Registration for the exam: done. Research paper: written and
submitted. A full day of R&R: check. Subject 1: Math. And I started getting
that feeling back: that feeling that tells me, “Yes, I love this. This is
magic. And I want to become a magician.” That is the feeling that has been
carrying me through what is actually fairly rigorous work.
Or so one would think when one is out of touch with the
reality that puts one in context, so to speak. A harsh reality check came in
the form of someone from my past whom I held in…well, in decent regard. But two
years is a long time, and having this person be back, even though I didn’t realize
it, brought back a feeling that left me pressurized and suffocated. My idea of
learning at my own pace was getting dashed. Science once again started feeling
like a subject that bound me in chains instead of making me feel liberated and
empowered.
Where stuff starts to go wrong is when you think that this
new feeling is the normal one while the feeling of liberation was never real. Science
that makes you happy is not “real science” is what it felt like.
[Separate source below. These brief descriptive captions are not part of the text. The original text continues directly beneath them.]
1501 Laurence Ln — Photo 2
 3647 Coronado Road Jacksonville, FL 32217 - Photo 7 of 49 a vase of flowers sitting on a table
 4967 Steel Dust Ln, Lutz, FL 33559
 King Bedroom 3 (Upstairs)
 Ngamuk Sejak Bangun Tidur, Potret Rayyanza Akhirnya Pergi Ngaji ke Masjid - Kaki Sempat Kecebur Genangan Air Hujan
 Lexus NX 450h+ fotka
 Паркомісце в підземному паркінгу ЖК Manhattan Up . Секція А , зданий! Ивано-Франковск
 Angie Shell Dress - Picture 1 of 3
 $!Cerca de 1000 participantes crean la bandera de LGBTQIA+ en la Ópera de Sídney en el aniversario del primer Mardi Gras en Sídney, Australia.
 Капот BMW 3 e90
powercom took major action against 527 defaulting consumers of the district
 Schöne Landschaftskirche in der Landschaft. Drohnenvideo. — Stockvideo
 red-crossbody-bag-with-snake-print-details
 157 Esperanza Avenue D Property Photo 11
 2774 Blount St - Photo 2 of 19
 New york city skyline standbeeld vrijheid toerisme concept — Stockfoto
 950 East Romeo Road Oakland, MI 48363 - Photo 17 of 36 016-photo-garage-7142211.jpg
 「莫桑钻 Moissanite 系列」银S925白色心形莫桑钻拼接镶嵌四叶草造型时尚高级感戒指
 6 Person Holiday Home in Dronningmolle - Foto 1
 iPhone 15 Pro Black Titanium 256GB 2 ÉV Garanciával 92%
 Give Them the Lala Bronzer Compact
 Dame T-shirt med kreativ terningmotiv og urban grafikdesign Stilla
And since “real
science” is this difficult, and I’m not able to keep up with it, am I really a
scientifically inclined person at all? That question drove me nuts.
With the blessing of being hardened by my experiences some
two-odd years ago and in a state of mind what doesn’t let my thoughts spiral, it
didn’t take much to recognize a repetition of history and stopping it.
Realize that getting into a bad habit or just a bad space is
pretty easy. Getting out is the challenge. And that did happen. I had a vivid nightmare
with the disconnection process, but I know what I’m doing is the best for me.
The disturbance happened because I don’t fit a mold anymore.
I am still scientist Soumya, but that’s because that’s who I choose to be. I
also choose to not have a definition for the time being. I’ll sing one day and
draw the next. And the day after that – who knows? But what I want to
vigilantly implement is something I promised myself when I graduated high school:
It’s me, and only me.
Who am I? Is a very good question, but it’s a
question that people take lifetimes to find the answer to. And hell, I’m not
very far into the journey yet. I’m okay with not knowing the answer just yet,
and so are the people currently around me. And if you’re reading this, and you’re
a current person in my life, I really do want to address this with you. When
people see good, they expect good. And I…am starting to realize that. I’m
glad there’s some good in me, but I implore you to understand – not all of it
will come out at once. And it won’t come out on command. It’s my quirk; that’s
just how I tick. And I need you to accept that. A lot of you do, and thank you
for that.
But to those who try to fit me into a set of descriptors, I
have a major request. Don’t do that. You’ll set yourself up for disappointment.
And your disappointment will make me spiral into self-doubt and I really don’t
need that.
And if that’s not doable or if none of this made any sense to
you…
Please don’t make me finish that sentence.
And let the takeaway be this: I am not on display. But if
you decide to scrutinize me anyway and don’t like what you see, I don’t want to
be held responsible, and I certainly don’t want to hear you booing at me.